BUNTU: Abdul Wachid, Perangkat Desa Ngemplik Wetan, Kecamatan Karanganyar menunjukkan surat tuntutan warga terhadap pengusaha bulu unggas usai pertemuan di Satreskrim Polres Demak, kemarin. (WAHIB PRIBADI/JAWA POS RADAR SEMARANG)
BUNTU: Abdul Wachid, Perangkat Desa Ngemplik Wetan, Kecamatan Karanganyar menunjukkan surat tuntutan warga terhadap pengusaha bulu unggas usai pertemuan di Satreskrim Polres Demak, kemarin. (WAHIB PRIBADI/JAWA POS RADAR SEMARANG)
BUNTU: Abdul Wachid, Perangkat Desa Ngemplik Wetan, Kecamatan Karanganyar menunjukkan surat tuntutan warga terhadap pengusaha bulu unggas usai pertemuan di Satreskrim Polres Demak, kemarin. (WAHIB PRIBADI/JAWA POS RADAR SEMARANG)

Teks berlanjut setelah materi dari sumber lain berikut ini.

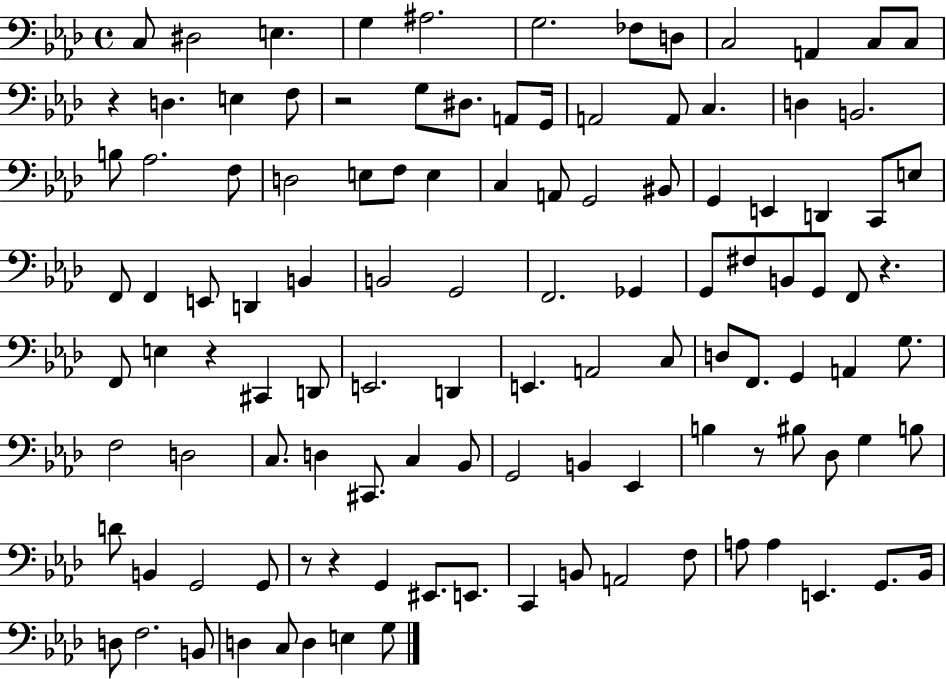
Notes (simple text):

C3/e D#3/h E3/q. G3/q A#3/h. G3/h. FES3/e D3/e C3/h A2/q C3/e C3/e R/q D3/q. E3/q F3/e R/h G3/e D#3/e. A2/e G2/s A2/h A2/e C3/q. D3/q B2/h. B3/e Ab3/h. F3/e D3/h E3/e F3/e E3/q C3/q A2/e G2/h BIS2/e G2/q E2/q D2/q C2/e E3/e F2/e F2/q E2/e D2/q B2/q B2/h G2/h F2/h. Gb2/q G2/e F#3/e B2/e G2/e F2/e R/q. F2/e E3/q R/q C#2/q D2/e E2/h. D2/q E2/q. A2/h C3/e D3/e F2/e. G2/q A2/q G3/e. F3/h D3/h C3/e. D3/q C#2/e. C3/q Bb2/e G2/h B2/q Eb2/q B3/q R/e BIS3/e Db3/e G3/q B3/e D4/e B2/q G2/h G2/e R/e R/q G2/q EIS2/e. E2/e. C2/q B2/e A2/h F3/e A3/e A3/q E2/q. G2/e. Bb2/s D3/e F3/h. B2/e D3/q C3/e D3/q E3/q G3/e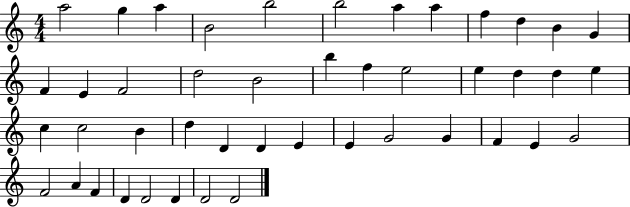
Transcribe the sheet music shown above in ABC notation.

X:1
T:Untitled
M:4/4
L:1/4
K:C
a2 g a B2 b2 b2 a a f d B G F E F2 d2 B2 b f e2 e d d e c c2 B d D D E E G2 G F E G2 F2 A F D D2 D D2 D2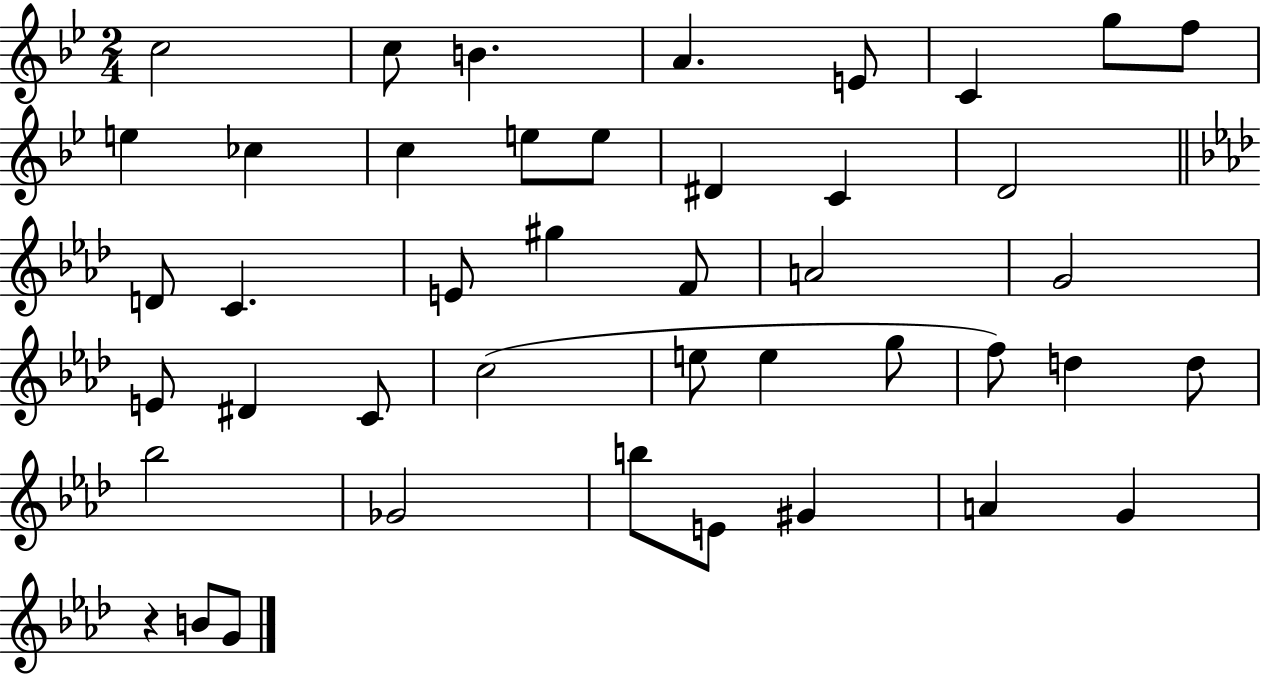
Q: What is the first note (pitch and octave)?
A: C5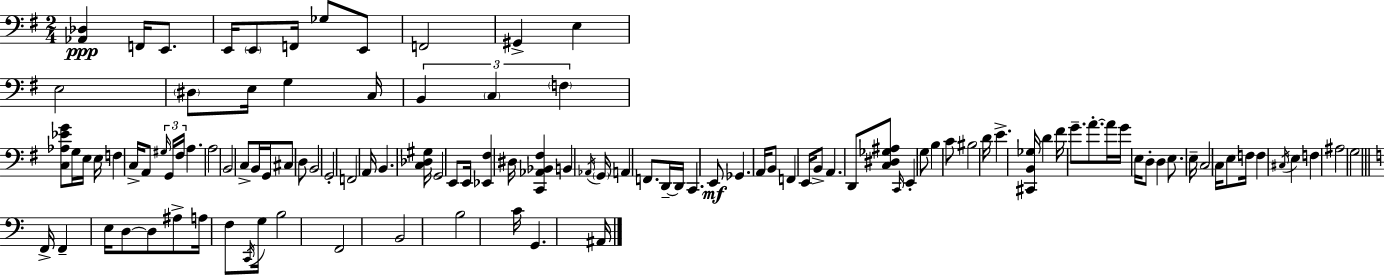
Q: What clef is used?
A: bass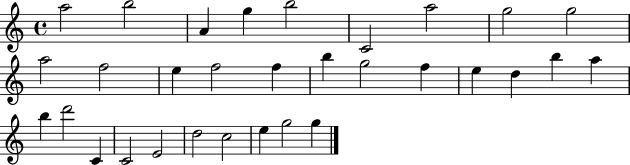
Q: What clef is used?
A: treble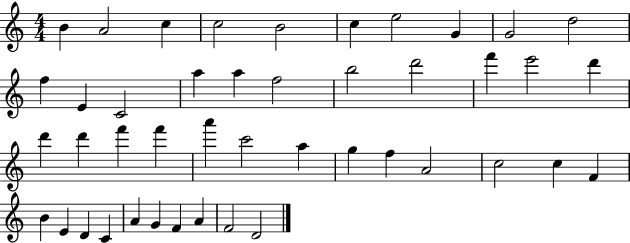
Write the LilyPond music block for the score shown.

{
  \clef treble
  \numericTimeSignature
  \time 4/4
  \key c \major
  b'4 a'2 c''4 | c''2 b'2 | c''4 e''2 g'4 | g'2 d''2 | \break f''4 e'4 c'2 | a''4 a''4 f''2 | b''2 d'''2 | f'''4 e'''2 d'''4 | \break d'''4 d'''4 f'''4 f'''4 | a'''4 c'''2 a''4 | g''4 f''4 a'2 | c''2 c''4 f'4 | \break b'4 e'4 d'4 c'4 | a'4 g'4 f'4 a'4 | f'2 d'2 | \bar "|."
}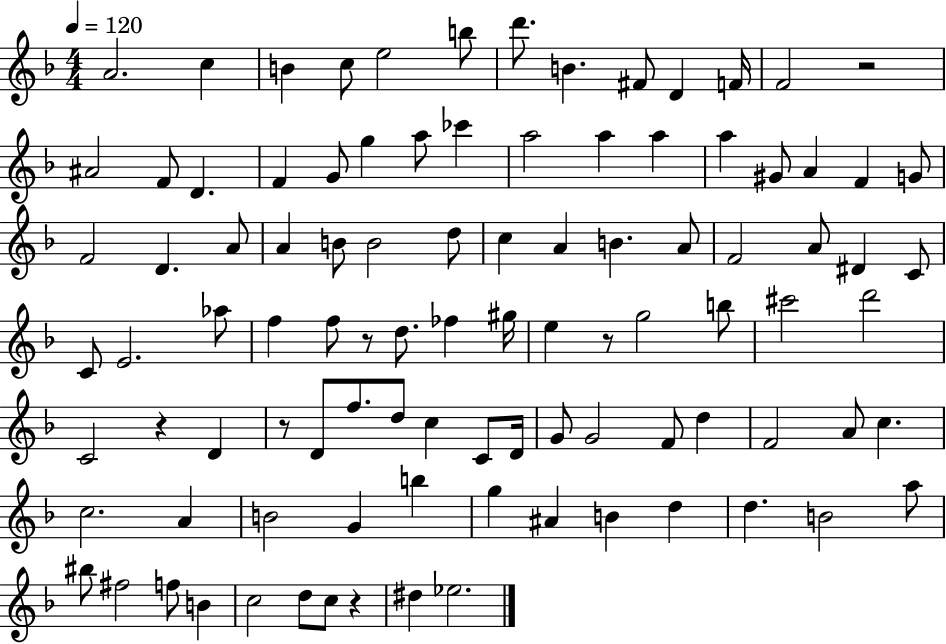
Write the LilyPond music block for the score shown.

{
  \clef treble
  \numericTimeSignature
  \time 4/4
  \key f \major
  \tempo 4 = 120
  a'2. c''4 | b'4 c''8 e''2 b''8 | d'''8. b'4. fis'8 d'4 f'16 | f'2 r2 | \break ais'2 f'8 d'4. | f'4 g'8 g''4 a''8 ces'''4 | a''2 a''4 a''4 | a''4 gis'8 a'4 f'4 g'8 | \break f'2 d'4. a'8 | a'4 b'8 b'2 d''8 | c''4 a'4 b'4. a'8 | f'2 a'8 dis'4 c'8 | \break c'8 e'2. aes''8 | f''4 f''8 r8 d''8. fes''4 gis''16 | e''4 r8 g''2 b''8 | cis'''2 d'''2 | \break c'2 r4 d'4 | r8 d'8 f''8. d''8 c''4 c'8 d'16 | g'8 g'2 f'8 d''4 | f'2 a'8 c''4. | \break c''2. a'4 | b'2 g'4 b''4 | g''4 ais'4 b'4 d''4 | d''4. b'2 a''8 | \break bis''8 fis''2 f''8 b'4 | c''2 d''8 c''8 r4 | dis''4 ees''2. | \bar "|."
}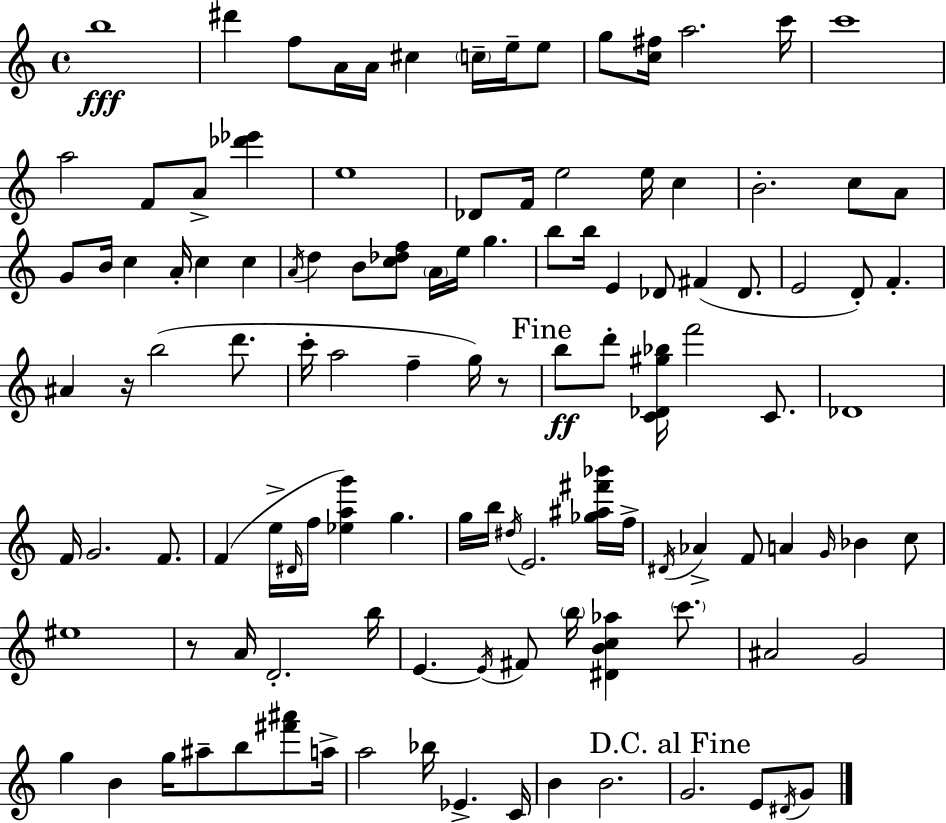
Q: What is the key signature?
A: C major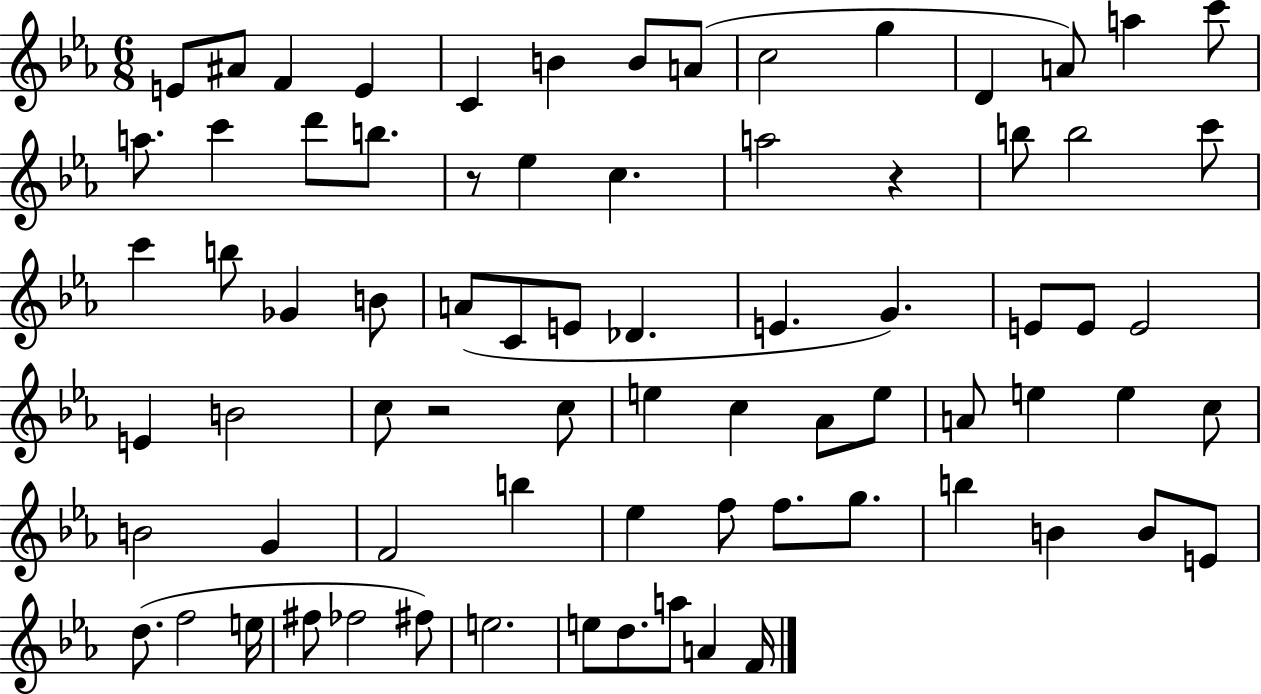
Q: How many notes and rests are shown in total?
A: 76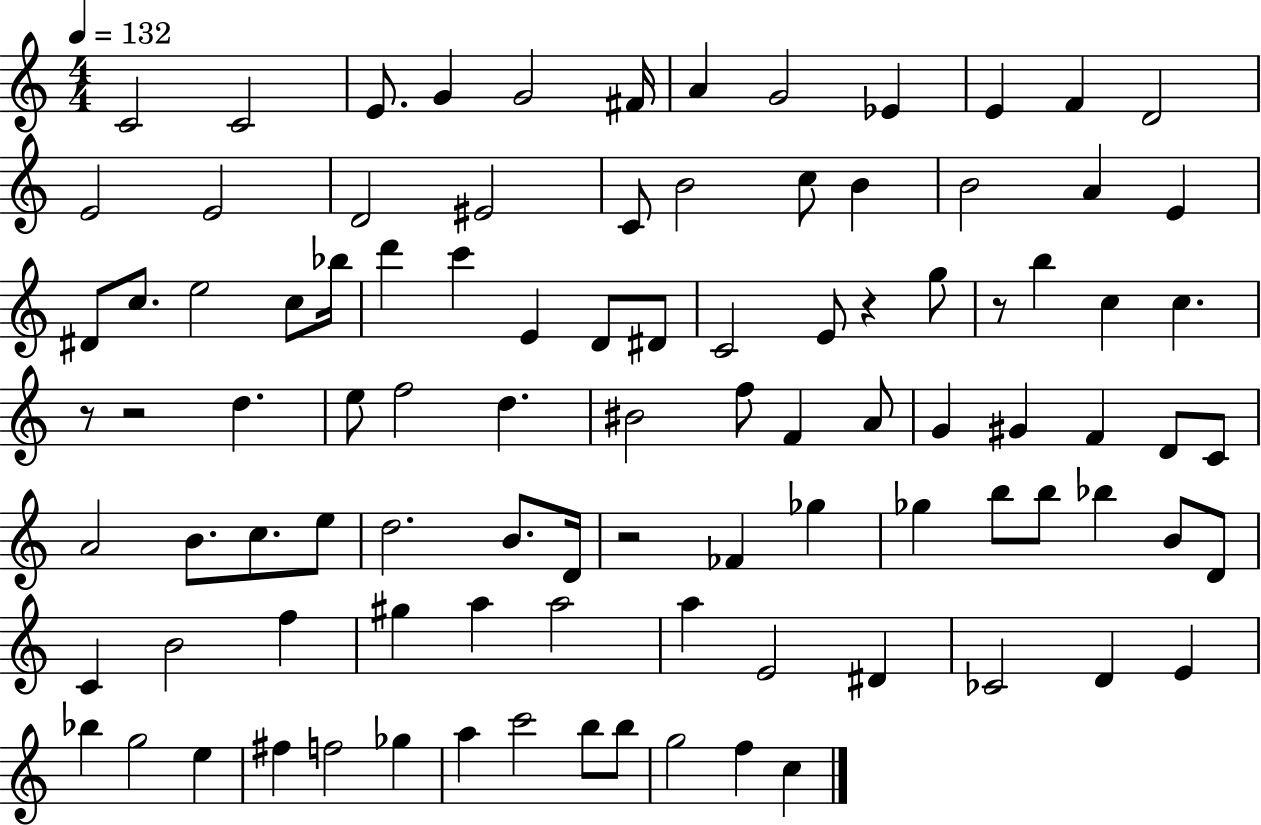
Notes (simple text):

C4/h C4/h E4/e. G4/q G4/h F#4/s A4/q G4/h Eb4/q E4/q F4/q D4/h E4/h E4/h D4/h EIS4/h C4/e B4/h C5/e B4/q B4/h A4/q E4/q D#4/e C5/e. E5/h C5/e Bb5/s D6/q C6/q E4/q D4/e D#4/e C4/h E4/e R/q G5/e R/e B5/q C5/q C5/q. R/e R/h D5/q. E5/e F5/h D5/q. BIS4/h F5/e F4/q A4/e G4/q G#4/q F4/q D4/e C4/e A4/h B4/e. C5/e. E5/e D5/h. B4/e. D4/s R/h FES4/q Gb5/q Gb5/q B5/e B5/e Bb5/q B4/e D4/e C4/q B4/h F5/q G#5/q A5/q A5/h A5/q E4/h D#4/q CES4/h D4/q E4/q Bb5/q G5/h E5/q F#5/q F5/h Gb5/q A5/q C6/h B5/e B5/e G5/h F5/q C5/q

DEMAK – Mediasi yang dilakukan Satreskrim Polres Demak terkait kasus pencemaran bulu unggas antara pengusaha dengan masyarakat Desa Ngemplik Wetan, Kecamatan Karanganyar mengalami jalan buntu. Dalam pertemuan lanjutan kemarin, pihak pengusaha tidak datang. Sehingga pertemuan hanya dihadiri dari perwakilan pemerintah Desa Ngemplik, anggota DPRD Demak serta pihak terkait lainnya. Karena belum ada hasil perdamaian, maka langkah selanjutnya adalah menunggu audiensi dengan Bupati Demak.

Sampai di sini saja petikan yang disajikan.